И, судя по звуку, поставила чашечку на блюдце. За столом возникла пауза.
– А как же, вот… А что же они делают? – несколько испуганно проронила Сусанна.
– Живут… – ответила бабушка. – Покупают готовое…
– Этого не может быть, – вынесла вердикт Сусанна. – Вот в «Бурде»…
Анаит подняла меня с пола. Ноги уверенно подкашивались, меня сильно тошнило.
– Ну-ка скажи что нибудь, – попросила Анаит.
– Самое лучшее мороженое – в вафельном стаканчике, с кремом… – сказал я, разглядывая сидящих за столом. – По двадцать одной. Или «Каштан», там можно просто обгрызть шоколад.
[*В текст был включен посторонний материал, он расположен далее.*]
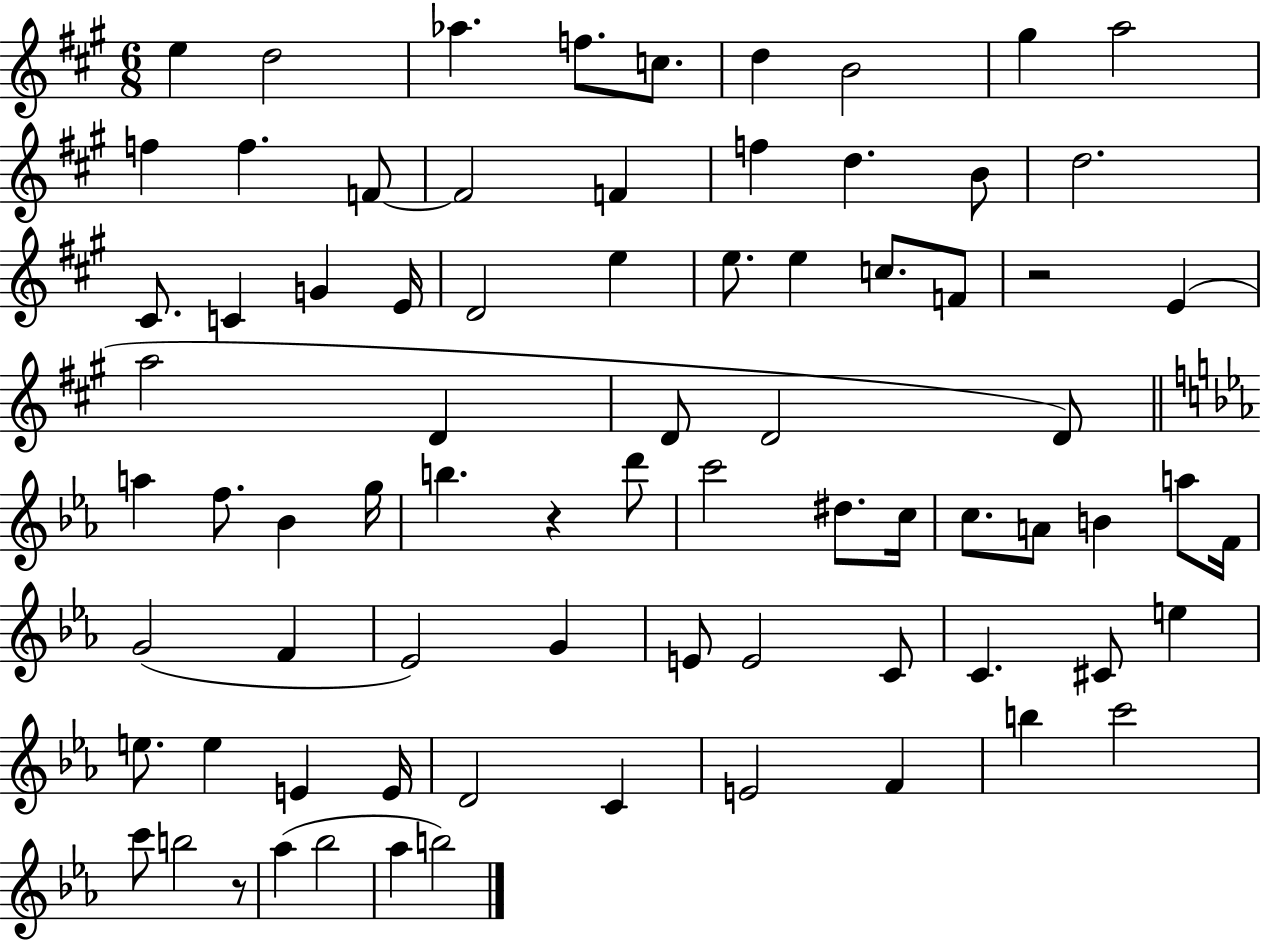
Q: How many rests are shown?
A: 3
– Может, это не он? – задумчиво спросила Сусанна. – Какой-то он довольный, хоть и побитый, не бурчит, про мороженое говорит, и к тому же – фруктово-ягодное за семь копеек – не хуже чем всё то. Нет, наверняка это иллу…
– Гхм… – грозно кашлянула бабушка. – Лесик, к чему просыпать соль в пятницу?
– К неприятности или болезни, – прохрипел я. – А то канапа пана кота.
– Это абсолутно он, – глубокомысленно заявила бабушка. – Тот кот нечисти не под силу.
– Почему все приметы – к плохому? – спросил я и удивился собственному голосу.
– Знания у тебя неглубокие, – ответила бабушка. – Вот ты и видишь тылко попьол. Такое.
Старая дама – безучастная и древняя, сидела в отдалении, за прялкой, колесо вертелось и жужжало. Сусанна без парика и в пропаленом жакете непринуждённо пила кофе.
– Наверняка утром заболит печень, – сказала кузина. – Ну, а ты как чувствуешь… – и, нацепив на нос крошечные очки, помолчала и добавила, – себя?
– Собой, – ответил я. Стол радостно скрипнул, выпустив новый побег. Непослушный при помощи прутика сбил собак в тоненько гавкающее стадо, мыши оцепили свору по периметру и внимательно рассматривали разноцветных псов. Русалка из угла пыталась окропить их водой. По кухне витал непринуждённый дымок разрушения, выглядела она полностью разгромленной. Абажур, пробитый в трёх местах, висел криво и люстра погасла. Дева в белом бежала с коврика над тахтой, оставив по себе лишь клочки ниток. Печка обернулась гигантским, надтреснутым камином, в котором яростно полыхало одно-единственное полено.
Тётки и кузен с кузинами лежали на полу, бледные, безжизненные и грязные, чья-то заботливая рука укрыла их пледом.
– Хочешь чаю? – проскрипела Анаит и как-то астматически всхрюкнула.
– То она мурчит, – радостно сообщила Сусанна. – Ты бы видел, как она пила молоко!
– Я и так вижу немного, – печально ответил я. Левый глаз у меня заплыл.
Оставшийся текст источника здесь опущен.